**What you will do**
An exact copy of all the lines below is required, with every image left out.

**Data section**
= = = = = = =
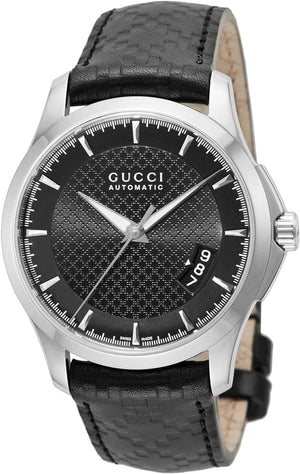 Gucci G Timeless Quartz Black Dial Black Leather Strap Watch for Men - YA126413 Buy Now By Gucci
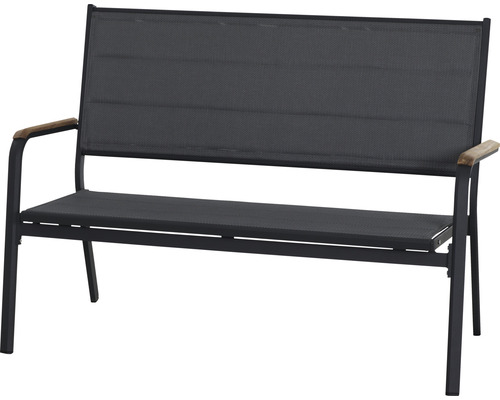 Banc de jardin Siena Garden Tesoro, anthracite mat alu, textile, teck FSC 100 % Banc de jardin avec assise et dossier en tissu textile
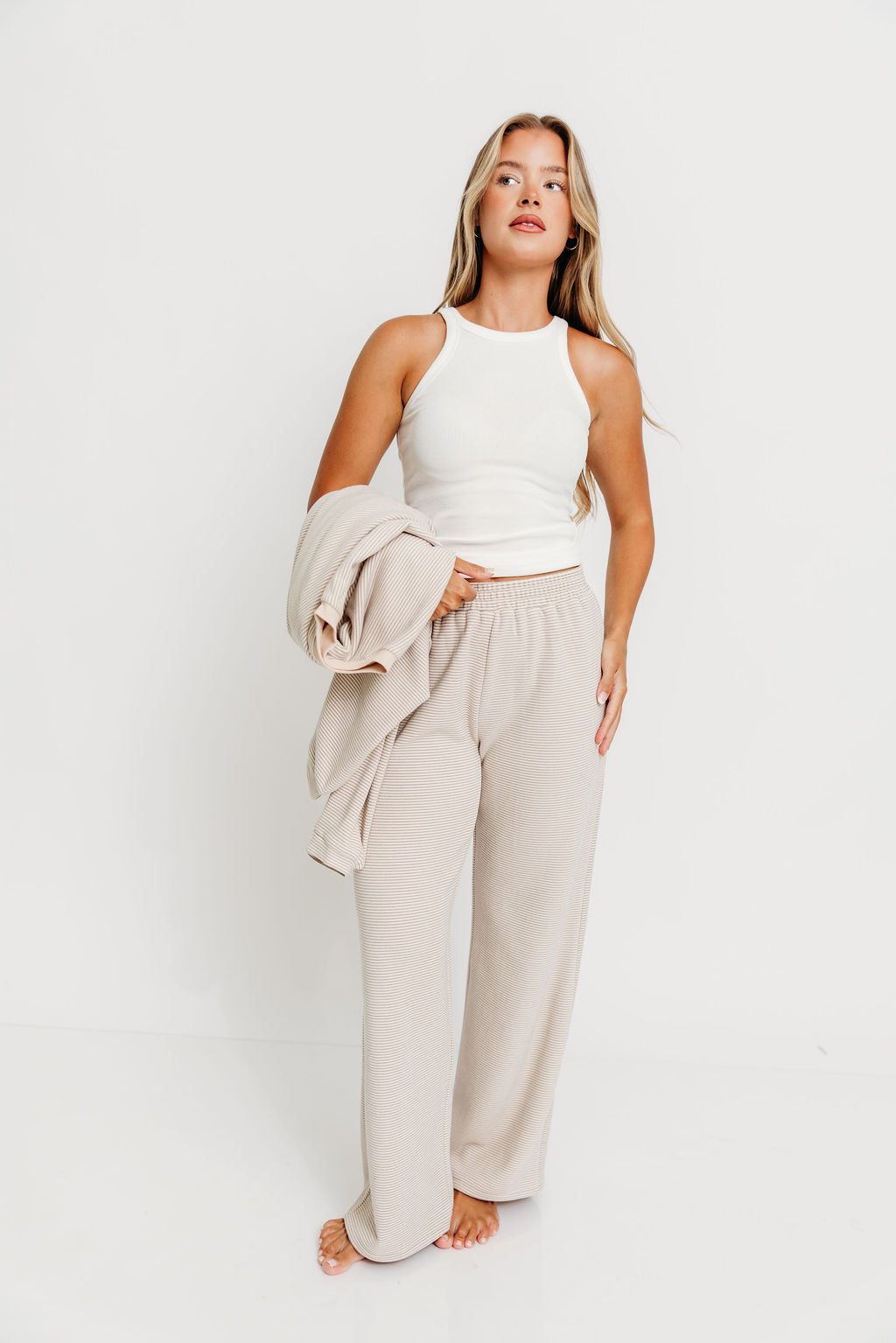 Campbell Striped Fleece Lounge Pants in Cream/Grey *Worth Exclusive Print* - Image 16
= = = = = = =
**Your solution**
 Gucci G Timeless Quartz Black Dial Black Leather Strap Watch for Men - YA126413 Buy Now By Gucci
 Banc de jardin Siena Garden Tesoro, anthracite mat alu, textile, teck FSC 100 % Banc de jardin avec assise et dossier en tissu textile
 Campbell Striped Fleece Lounge Pants in Cream/Grey *Worth Exclusive Print* - Image 16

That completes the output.